> _INPUT DATA_:
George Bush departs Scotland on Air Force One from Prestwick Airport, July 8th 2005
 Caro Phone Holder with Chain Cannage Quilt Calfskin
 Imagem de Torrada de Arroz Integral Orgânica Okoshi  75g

> _TASK DETAILS_:
Type out the whole of the data again, exactly as shown.

> _ANSWER FOR THIS EXERCISE_:
George Bush departs Scotland on Air Force One from Prestwick Airport, July 8th 2005
 Caro Phone Holder with Chain Cannage Quilt Calfskin
 Imagem de Torrada de Arroz Integral Orgânica Okoshi  75g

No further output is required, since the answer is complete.